项目作者: Lispython

项目描述 :
Application for replication data between kafka clusters.
高级语言: Rust
项目地址: git://github.com/Lispython/kafka-replicator.git
创建时间: 2020-06-28T16:47:58Z
项目社区:https://github.com/Lispython/kafka-replicator

开源协议:MIT License

下载


Kafka replicator

Kafka Replicator is an easy to use tool for copying data between two Apache Kafka clusters with configurable re-partitionning strategy.

Data will be read from topics in the origin cluster and written to a topic/topics in the destination cluster according config rules.

Features

Lets start with an overview of features that exist in kafka-replicator:

  • Data replication: Real-time event streaming between Kafka clusters and data centers;
  • Schema replication: Copy schema from source cluster to destination;
  • Flexible topic selection: Select topics with configurable config;
  • Auto-create topics: Destination topics are automatically created for strict_p2p strategy;
  • Stats: The tool shows replication status;
  • Monitoring: Kafka replicator exports stats via prometheus.
  • Cycle detection

Use cases

  • Replicate data between Kafka clusters;
  • Aggregate record from several topics and put them into one;
  • Extend bandwidth for exist topic via repartitioning strategy.

Installation

System dependencies

  1. libsasl2-dev
  2. libssl-dev

Install from crates.io

If you have the Rust toolchain already installed on your local system.

  1. rustup update stable
  2. cargo install kafka-replicator

Compile and run it from sources

Clone the repository and change it to your working directory.

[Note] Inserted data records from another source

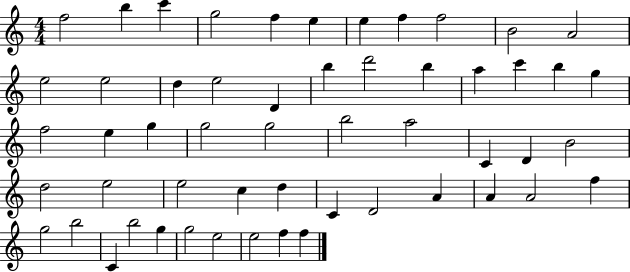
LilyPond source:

{
  \clef treble
  \numericTimeSignature
  \time 4/4
  \key c \major
  f''2 b''4 c'''4 | g''2 f''4 e''4 | e''4 f''4 f''2 | b'2 a'2 | \break e''2 e''2 | d''4 e''2 d'4 | b''4 d'''2 b''4 | a''4 c'''4 b''4 g''4 | \break f''2 e''4 g''4 | g''2 g''2 | b''2 a''2 | c'4 d'4 b'2 | \break d''2 e''2 | e''2 c''4 d''4 | c'4 d'2 a'4 | a'4 a'2 f''4 | \break g''2 b''2 | c'4 b''2 g''4 | g''2 e''2 | e''2 f''4 f''4 | \break \bar "|."
}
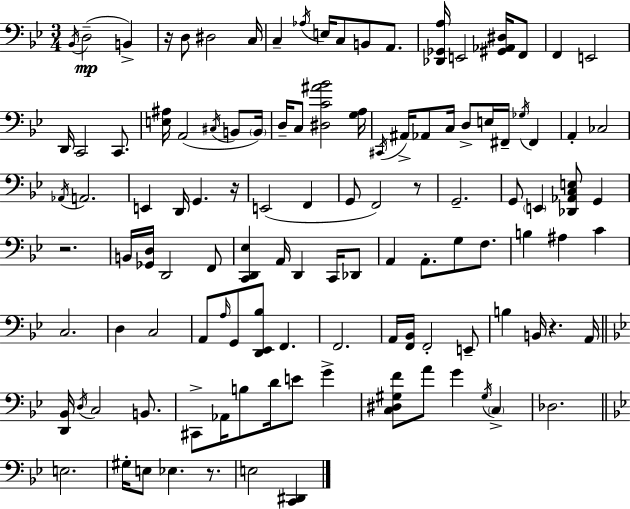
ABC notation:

X:1
T:Untitled
M:3/4
L:1/4
K:Gm
_B,,/4 D,2 B,, z/4 D,/2 ^D,2 C,/4 C, _A,/4 E,/4 C,/2 B,,/2 A,,/2 [_D,,_G,,A,]/4 E,,2 [^G,,_A,,^D,]/4 F,,/2 F,, E,,2 D,,/4 C,,2 C,,/2 [E,^A,]/4 A,,2 ^C,/4 B,,/2 B,,/4 D,/4 C,/2 [^D,C^A_B]2 [G,A,]/4 ^C,,/4 ^A,,/4 _A,,/2 C,/4 D,/2 E,/4 ^F,,/4 _G,/4 ^F,, A,, _C,2 _A,,/4 A,,2 E,, D,,/4 G,, z/4 E,,2 F,, G,,/2 F,,2 z/2 G,,2 G,,/2 E,, [_D,,_A,,C,E,]/2 G,, z2 B,,/4 [_G,,D,]/4 D,,2 F,,/2 [C,,D,,_E,] A,,/4 D,, C,,/4 _D,,/2 A,, A,,/2 G,/2 F,/2 B, ^A, C C,2 D, C,2 A,,/2 A,/4 G,,/2 [D,,_E,,_B,]/2 F,, F,,2 A,,/4 [F,,_B,,]/4 F,,2 E,,/2 B, B,,/4 z A,,/4 [D,,_B,,]/4 D,/4 C,2 B,,/2 ^C,,/2 _A,,/4 B,/2 D/4 E/2 G [C,^D,^G,F]/2 A/2 G ^G,/4 C, _D,2 E,2 ^G,/4 E,/2 _E, z/2 E,2 [C,,^D,,]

  1. git clone https://github.com/lispython/kafka-replicator.git
  2. cd kafka-replicator
  3. rustup override set stable
  4. rustup update stable
  5. cargo install

Usage

  1. RUST_LOG=info kafka-replicator /path/to/config.yml

Run it using Docker

  1. sudo docker run -it -v /replication/:/replication/ -e RUST_LOG=info lispython/kafka_replicator:latest kafka-replicator /replication/config.yml

Example config

  1. clusters:
  2. - name: cluster_1
  3. hosts:
  4. - replicator-kafka-1:9092
  5. - replicator-kafka-1:9092
  6. - name: cluster_2
  7. hosts:
  8. - replicator-kafka-2:9092
  9. clients:
  10. - client: cl_1_client_1
  11. cluster: cluster_1
  12. config: # optional
  13. message.timeout.ms: 5000
  14. auto.offset.reset: earliest
  15. - client: cl_2_client_1
  16. cluster: cluster_2
  17. routes:
  18. - upstream_client: cl_1_client_1
  19. downstream_client: cl_1_client_1
  20. upstream_topics:
  21. - 'topic1'
  22. downstream_topic: 'topic2'
  23. repartitioning_strategy: random # strict_p2p | random
  24. upstream_group_id: group_22
  25. show_progress_interval_secs: 10
  26. limits:
  27. messages_per_sec: 10000
  28. number_of_messages:
  29. - upstream_client: cl_1_client_1
  30. downstream_client: cl_2_client_1
  31. upstream_topics:
  32. - 'topic2'
  33. downstream_topic: 'topic2'
  34. repartitioning_strategy: strict_p2p
  35. upstream_group_id: group_22
  36. show_progress_interval_secs: 10
  37. - upstream_client: cl_2_client_1
  38. downstream_client: cl_1_client_1
  39. upstream_topics:
  40. - 'topic2'
  41. downstream_topic: 'topic3'
  42. repartitioning_strategy: strict_p2p # strict_p2p | random
  43. default_begin_offset: earliest # optional
  44. upstream_group_id: group_2
  45. show_progress_interval_secs: 10
  46. observers:
  47. - client: cl_1_client_1
  48. name: "my name"
  49. group_id: group_name # used for remaining metrics
  50. topics: # filter by topics
  51. - 'topic1'
  52. - 'topic2'
  53. fetch_timeout_secs: 5 # default: 5
  54. fetch_interval_secs: 5 # default: 60
  55. show_progress_interval_secs: 10 # default: 60
  56. - client: cl_2_client_1
  57. topic: 'topic3'
  58. topics:
  59. - 'topic2'
  60. show_progress_interval_secs: 5
  61. - client: cl_1_client_1
  62. topic: 'topic1'
  63. topics: [] # fetch all topics

Options describing

Root config options:

  • clusters - are a list of Kafka Clusters
  • clients - are a list of configurations for consumers
  • routes - are a list of replication rules
  • observers - are a list of observers

Contributing

Any suggestion, feedback or contributing is highly appreciated. Thank you for your support!